Oleh: Isa Ansori, Kolumnis dan Akademisi, Dewan Penasehat Perkumpulan Boemi Poetera Indonesia Jawa Timur, Tinggal di Surabaya
PADA Ahad, 22 September 2024, konon, ribuan pendukung Joko Widodo akan melaksanakan Apel Siaga. Dalam apel siaga tersebut mereka akan menegaskan komitmennya untuk setia dan menjaga keselamatan Jokowi dan keluarga paska lengsernya Jokowi dari kekuasaan.
Pernyataan komitmen ini seolah menjadi seruan perlawanan kepada rakyat Indonesia yang melihat Jokowi selama memimpin banyak melakukan pelanggaran konstitusi dan kontra reformasi.
Seruan perlawanan dari apa yang disebut sebagai "pasukan pembela Jokowi". Loyalitas dan janji setia mereka menggema, siap mati demi menjaga warisan sang presiden. Namun, di balik sorak-sorai tersebut, ada kecemasan yang mendalam – seperti Fir'aun yang dulu gelisah menghadapi ancaman Musa, Jokowi pun kini dihadapkan pada kenyataan bahwa masa kekuasaannya hampir habis.
Seperti Fir'aun yang tak hanya takut akan ancaman terhadap tahtanya, tetapi juga khawatir tentang kelangsungan keluarganya dan para pembesarnya, Jokowi mungkin memikirkan nasib keluarganya serta lingkaran kekuasaan yang telah ia bangun selama dua periode kepemimpinannya.
Firaun, yang dulunya merasa aman dalam kekuasaannya, menjadi terguncang ketika mengetahui bahwa masa depannya – dan masa depan keluarganya – terancam oleh kekuatan perubahan yang tak bisa dihentikan. Begitu pula dengan Jokowi, yang menyadari bahwa seiring berakhirnya masa kekuasaan, perlindungan yang sebelumnya ia berikan kepada keluarga dan kroninya juga akan melemah.

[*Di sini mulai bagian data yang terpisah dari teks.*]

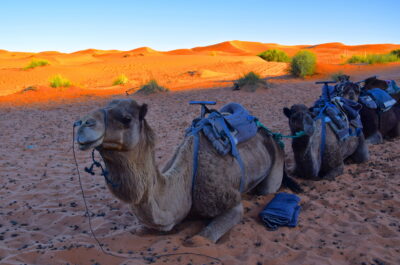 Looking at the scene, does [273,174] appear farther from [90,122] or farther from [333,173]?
[90,122]

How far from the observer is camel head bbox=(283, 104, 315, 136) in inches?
169

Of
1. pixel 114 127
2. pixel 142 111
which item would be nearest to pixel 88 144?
pixel 114 127

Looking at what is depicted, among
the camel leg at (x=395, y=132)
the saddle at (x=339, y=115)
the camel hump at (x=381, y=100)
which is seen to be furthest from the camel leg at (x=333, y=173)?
the camel leg at (x=395, y=132)

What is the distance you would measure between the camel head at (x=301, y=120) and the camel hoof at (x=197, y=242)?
6.19ft

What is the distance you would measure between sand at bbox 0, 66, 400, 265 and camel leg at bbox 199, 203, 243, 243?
87 mm

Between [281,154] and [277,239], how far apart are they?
4.72ft

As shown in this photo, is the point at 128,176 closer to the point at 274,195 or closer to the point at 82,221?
the point at 82,221

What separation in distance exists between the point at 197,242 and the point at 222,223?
0.38m

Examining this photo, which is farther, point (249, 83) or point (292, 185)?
point (249, 83)

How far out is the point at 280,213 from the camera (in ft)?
12.6

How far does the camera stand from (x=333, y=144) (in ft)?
16.6

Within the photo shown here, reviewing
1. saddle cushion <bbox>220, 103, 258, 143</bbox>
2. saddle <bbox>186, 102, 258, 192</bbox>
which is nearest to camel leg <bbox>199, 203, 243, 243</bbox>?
saddle <bbox>186, 102, 258, 192</bbox>

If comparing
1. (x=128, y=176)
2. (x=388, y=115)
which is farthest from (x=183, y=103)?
(x=128, y=176)

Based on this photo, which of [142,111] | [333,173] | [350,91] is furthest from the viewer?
[350,91] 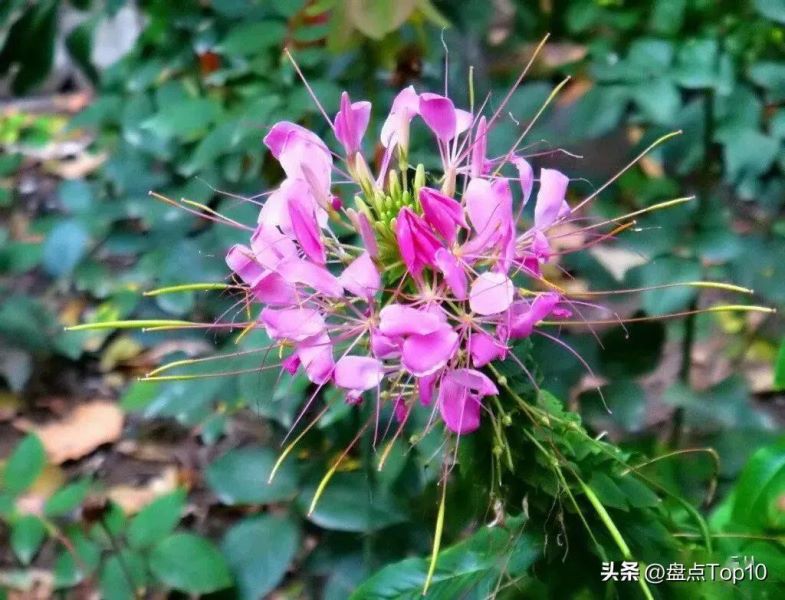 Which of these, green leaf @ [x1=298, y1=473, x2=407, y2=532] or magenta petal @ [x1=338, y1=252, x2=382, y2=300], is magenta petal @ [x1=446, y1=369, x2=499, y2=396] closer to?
magenta petal @ [x1=338, y1=252, x2=382, y2=300]

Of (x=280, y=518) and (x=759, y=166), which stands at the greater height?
(x=759, y=166)

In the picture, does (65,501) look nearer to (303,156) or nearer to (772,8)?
(303,156)

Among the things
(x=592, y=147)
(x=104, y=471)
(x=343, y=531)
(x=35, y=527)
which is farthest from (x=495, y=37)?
(x=104, y=471)

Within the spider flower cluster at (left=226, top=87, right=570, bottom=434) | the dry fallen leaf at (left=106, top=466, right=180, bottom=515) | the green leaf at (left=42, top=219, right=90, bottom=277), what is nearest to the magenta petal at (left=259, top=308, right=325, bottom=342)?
the spider flower cluster at (left=226, top=87, right=570, bottom=434)

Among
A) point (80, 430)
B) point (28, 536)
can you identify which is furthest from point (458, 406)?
point (80, 430)

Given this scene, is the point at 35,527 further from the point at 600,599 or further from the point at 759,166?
the point at 759,166

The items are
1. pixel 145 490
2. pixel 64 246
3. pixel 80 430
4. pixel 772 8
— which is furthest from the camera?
pixel 80 430

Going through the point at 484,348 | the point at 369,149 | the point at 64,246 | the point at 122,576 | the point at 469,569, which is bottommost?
the point at 122,576
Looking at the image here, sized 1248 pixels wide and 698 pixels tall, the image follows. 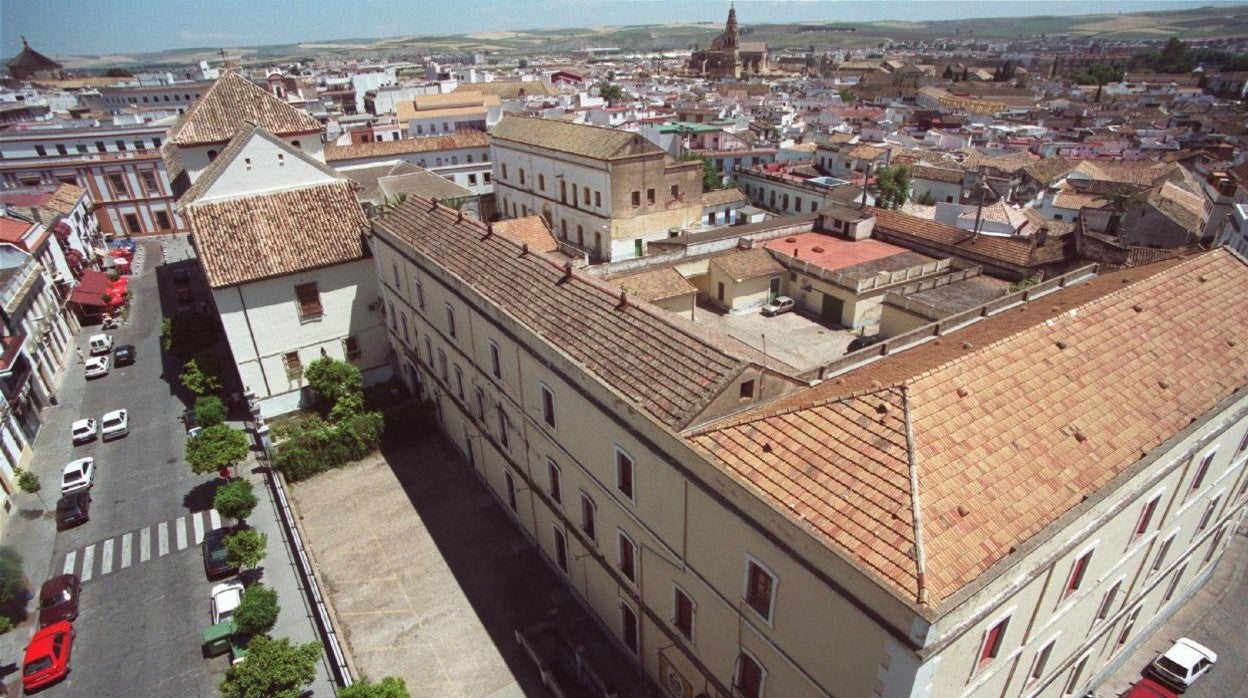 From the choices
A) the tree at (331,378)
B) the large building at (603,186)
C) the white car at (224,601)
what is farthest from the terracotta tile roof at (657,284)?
the white car at (224,601)

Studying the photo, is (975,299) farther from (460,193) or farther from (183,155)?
(183,155)

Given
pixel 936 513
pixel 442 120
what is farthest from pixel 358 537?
pixel 442 120

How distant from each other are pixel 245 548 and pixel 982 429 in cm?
2543

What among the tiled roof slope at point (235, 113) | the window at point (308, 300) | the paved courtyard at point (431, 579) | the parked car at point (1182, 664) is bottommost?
the paved courtyard at point (431, 579)

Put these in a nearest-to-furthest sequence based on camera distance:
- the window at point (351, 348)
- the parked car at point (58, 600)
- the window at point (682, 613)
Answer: the window at point (682, 613) → the parked car at point (58, 600) → the window at point (351, 348)

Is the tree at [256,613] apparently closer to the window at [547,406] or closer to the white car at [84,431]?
the window at [547,406]

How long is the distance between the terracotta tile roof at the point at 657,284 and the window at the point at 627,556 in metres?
22.0

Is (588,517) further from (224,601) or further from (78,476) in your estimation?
(78,476)

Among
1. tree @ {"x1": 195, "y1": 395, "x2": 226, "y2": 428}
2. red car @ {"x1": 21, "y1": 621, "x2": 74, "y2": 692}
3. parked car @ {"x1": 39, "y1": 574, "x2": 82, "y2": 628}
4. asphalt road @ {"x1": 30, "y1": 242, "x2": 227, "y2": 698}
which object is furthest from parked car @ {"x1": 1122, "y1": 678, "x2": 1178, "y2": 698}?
tree @ {"x1": 195, "y1": 395, "x2": 226, "y2": 428}

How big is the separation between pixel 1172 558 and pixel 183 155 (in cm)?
5671

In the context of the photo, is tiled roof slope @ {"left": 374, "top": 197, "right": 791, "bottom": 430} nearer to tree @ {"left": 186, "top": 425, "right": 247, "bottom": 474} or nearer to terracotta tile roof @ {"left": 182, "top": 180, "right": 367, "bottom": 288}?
terracotta tile roof @ {"left": 182, "top": 180, "right": 367, "bottom": 288}

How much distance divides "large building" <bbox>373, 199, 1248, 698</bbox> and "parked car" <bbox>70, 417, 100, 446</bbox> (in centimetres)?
2564

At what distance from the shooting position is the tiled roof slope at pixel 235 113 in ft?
146

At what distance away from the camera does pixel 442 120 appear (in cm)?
9156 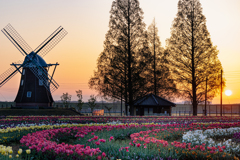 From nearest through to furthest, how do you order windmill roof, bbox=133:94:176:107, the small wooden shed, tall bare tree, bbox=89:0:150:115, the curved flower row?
the curved flower row
tall bare tree, bbox=89:0:150:115
windmill roof, bbox=133:94:176:107
the small wooden shed

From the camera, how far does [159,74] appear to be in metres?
40.0

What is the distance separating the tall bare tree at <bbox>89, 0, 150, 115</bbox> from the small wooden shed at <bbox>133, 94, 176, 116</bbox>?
23.4ft

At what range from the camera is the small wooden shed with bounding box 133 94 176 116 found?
41.2 m

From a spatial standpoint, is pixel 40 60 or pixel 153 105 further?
pixel 153 105

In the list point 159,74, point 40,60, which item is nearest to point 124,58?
point 159,74

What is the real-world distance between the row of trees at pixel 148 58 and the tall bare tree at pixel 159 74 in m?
0.16

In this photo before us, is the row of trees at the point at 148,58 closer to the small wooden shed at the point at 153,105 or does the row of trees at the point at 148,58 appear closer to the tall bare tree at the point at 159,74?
the tall bare tree at the point at 159,74

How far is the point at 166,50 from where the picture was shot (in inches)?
1431

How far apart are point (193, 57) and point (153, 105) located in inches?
420

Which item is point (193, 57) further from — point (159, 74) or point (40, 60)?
point (40, 60)

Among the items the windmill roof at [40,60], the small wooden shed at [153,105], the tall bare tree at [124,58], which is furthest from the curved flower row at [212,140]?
the windmill roof at [40,60]

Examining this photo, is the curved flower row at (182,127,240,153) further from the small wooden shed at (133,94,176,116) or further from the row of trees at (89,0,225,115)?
the small wooden shed at (133,94,176,116)

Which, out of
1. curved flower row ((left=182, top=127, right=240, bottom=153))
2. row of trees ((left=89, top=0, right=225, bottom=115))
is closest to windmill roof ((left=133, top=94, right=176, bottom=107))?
row of trees ((left=89, top=0, right=225, bottom=115))

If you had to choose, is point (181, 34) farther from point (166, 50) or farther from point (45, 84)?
point (45, 84)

Selama menjabat, Jokowi memang telah memperkuat posisinya dengan menempatkan orang-orang kepercayaannya pada posisi strategis, menciptakan sebuah jaringan yang tak hanya – mereka akan – mendukungnya secara politik, tetapi juga memastikan keamanan bagi keluarganya.
Namun, dengan kedekatan akhir masa jabatannya, kekhawatiran pun mulai muncul: Apa yang akan terjadi pada mereka setelah ia tak lagi berkuasa?

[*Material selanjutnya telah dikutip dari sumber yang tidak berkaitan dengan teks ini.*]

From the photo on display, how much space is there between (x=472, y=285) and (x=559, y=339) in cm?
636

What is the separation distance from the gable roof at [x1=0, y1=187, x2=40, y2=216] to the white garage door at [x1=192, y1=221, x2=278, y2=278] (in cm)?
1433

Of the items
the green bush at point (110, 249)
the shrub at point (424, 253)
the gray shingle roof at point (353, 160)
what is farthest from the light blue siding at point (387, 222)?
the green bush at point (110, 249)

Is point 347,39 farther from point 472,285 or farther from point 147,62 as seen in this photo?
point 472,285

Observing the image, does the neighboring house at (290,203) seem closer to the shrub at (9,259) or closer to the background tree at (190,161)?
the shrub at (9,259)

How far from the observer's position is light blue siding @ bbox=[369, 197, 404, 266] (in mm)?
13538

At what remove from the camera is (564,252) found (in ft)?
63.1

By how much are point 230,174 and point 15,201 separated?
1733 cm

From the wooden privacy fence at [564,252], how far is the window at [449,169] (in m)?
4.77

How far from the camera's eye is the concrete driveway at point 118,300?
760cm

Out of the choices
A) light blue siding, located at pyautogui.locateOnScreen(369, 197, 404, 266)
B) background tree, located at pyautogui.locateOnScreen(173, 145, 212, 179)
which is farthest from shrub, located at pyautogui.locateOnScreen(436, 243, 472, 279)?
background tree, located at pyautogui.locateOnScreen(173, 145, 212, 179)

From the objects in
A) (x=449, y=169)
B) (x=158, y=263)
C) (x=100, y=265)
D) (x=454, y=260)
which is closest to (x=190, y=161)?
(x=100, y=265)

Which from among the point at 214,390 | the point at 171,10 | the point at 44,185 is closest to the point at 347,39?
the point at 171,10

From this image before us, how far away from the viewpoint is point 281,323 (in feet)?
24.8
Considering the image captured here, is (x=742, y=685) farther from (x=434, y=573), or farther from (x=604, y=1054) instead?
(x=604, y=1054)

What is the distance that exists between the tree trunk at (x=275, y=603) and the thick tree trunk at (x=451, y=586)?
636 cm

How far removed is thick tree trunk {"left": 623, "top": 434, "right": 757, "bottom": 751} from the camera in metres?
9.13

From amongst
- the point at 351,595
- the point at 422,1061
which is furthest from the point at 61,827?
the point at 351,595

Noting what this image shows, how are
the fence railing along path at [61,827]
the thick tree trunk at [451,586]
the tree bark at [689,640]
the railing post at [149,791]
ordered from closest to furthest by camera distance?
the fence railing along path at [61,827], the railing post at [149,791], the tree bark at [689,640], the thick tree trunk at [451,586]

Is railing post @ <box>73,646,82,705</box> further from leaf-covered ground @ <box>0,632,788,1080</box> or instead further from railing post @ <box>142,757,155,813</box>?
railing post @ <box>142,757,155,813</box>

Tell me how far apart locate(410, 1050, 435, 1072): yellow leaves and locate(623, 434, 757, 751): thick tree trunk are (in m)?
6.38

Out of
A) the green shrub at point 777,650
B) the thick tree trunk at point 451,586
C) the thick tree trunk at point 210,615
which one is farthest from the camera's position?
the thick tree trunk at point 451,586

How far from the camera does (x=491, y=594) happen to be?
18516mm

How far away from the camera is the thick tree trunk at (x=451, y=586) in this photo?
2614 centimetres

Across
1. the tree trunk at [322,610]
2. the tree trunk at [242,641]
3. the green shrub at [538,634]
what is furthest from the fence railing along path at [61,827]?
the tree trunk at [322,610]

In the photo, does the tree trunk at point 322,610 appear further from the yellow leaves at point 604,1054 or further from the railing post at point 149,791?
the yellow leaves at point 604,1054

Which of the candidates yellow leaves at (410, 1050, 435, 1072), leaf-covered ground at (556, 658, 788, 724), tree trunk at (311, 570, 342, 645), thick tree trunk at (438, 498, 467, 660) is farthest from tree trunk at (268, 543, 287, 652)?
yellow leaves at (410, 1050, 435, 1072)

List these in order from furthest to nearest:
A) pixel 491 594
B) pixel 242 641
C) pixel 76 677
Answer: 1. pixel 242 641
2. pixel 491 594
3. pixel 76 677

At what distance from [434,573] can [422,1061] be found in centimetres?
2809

Seperti halnya Fir'aun yang takut pada konsekuensi jatuhnya kekuasaan terhadap anak-anak dan kerabatnya, Jokowi mungkin membayangkan bagaimana keluarganya akan menghadapi era baru yang mungkin tak lagi memberikan perlindungan politik yang sama.
Di tengah kekuatan politik yang berfluktuasi, dan pengaruh Jokowi mulai melemah, bayang-bayang persaingan politik semakin besar, tokoh-tokoh baru, seperti Musa yang mulai membawa pesan akan pembebasan, telah menarik perhatian rakyat yang haus akan perubahan.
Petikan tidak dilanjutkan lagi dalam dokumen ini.